**Required action:** Everything from the line with "6 Bedroom Villa for sale in Pererenan, Bali" to the line with "Charley (Smiley Burnett)" in the listing below, both lines included, needs to be copied exactly, apart from the pictures.

**Record set:**
☆ ☆ ☆ ☆

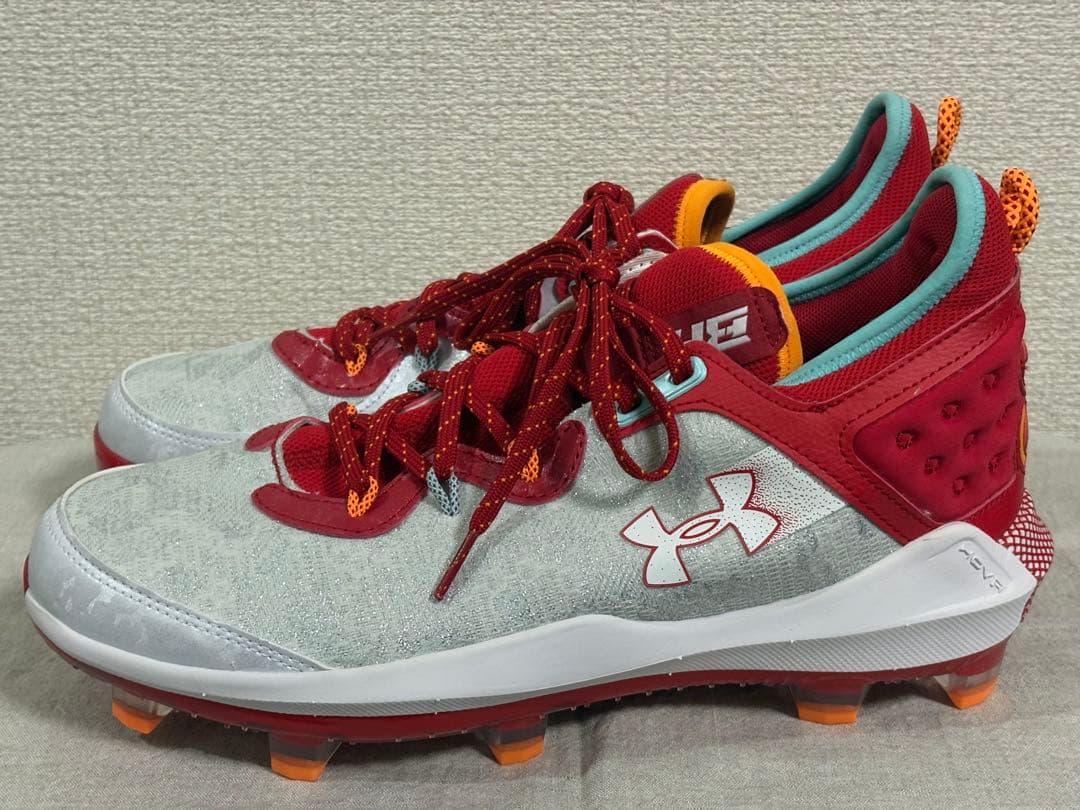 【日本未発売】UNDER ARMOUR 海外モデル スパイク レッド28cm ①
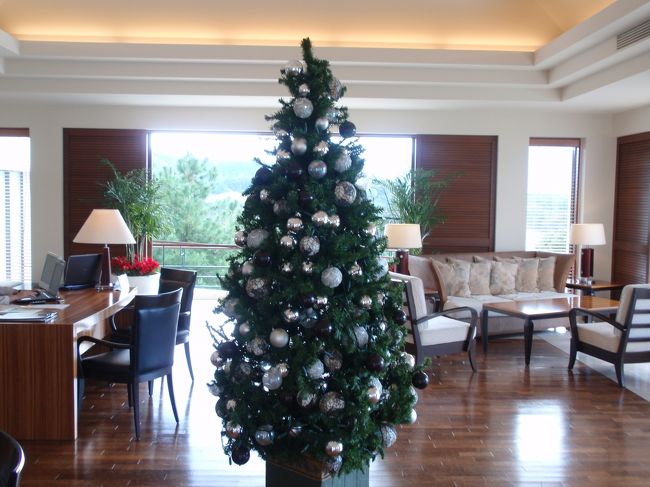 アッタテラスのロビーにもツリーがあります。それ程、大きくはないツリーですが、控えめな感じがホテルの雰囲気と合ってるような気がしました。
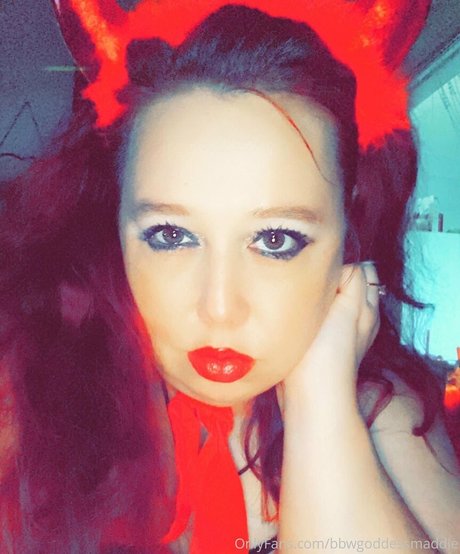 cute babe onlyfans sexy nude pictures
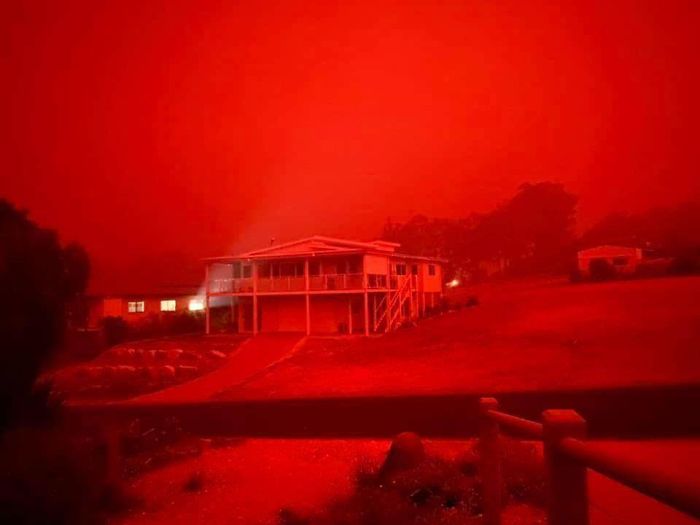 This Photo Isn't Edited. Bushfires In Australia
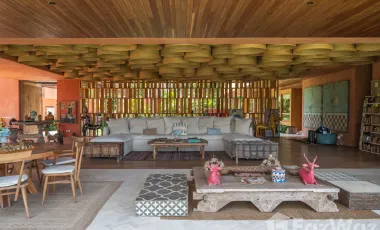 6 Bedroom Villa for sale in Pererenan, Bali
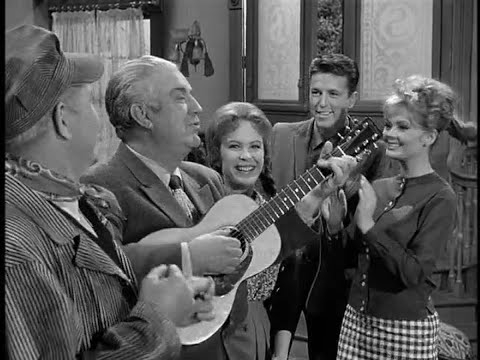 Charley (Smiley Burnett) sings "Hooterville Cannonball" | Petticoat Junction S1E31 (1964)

☆ ☆ ☆ ☆

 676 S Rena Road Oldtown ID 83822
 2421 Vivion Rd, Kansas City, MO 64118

☆ ☆ ☆ ☆

**Task output:**
 6 Bedroom Villa for sale in Pererenan, Bali
 Charley (Smiley Burnett) sings "Hooterville Cannonball" | Petticoat Junction S1E31 (1964)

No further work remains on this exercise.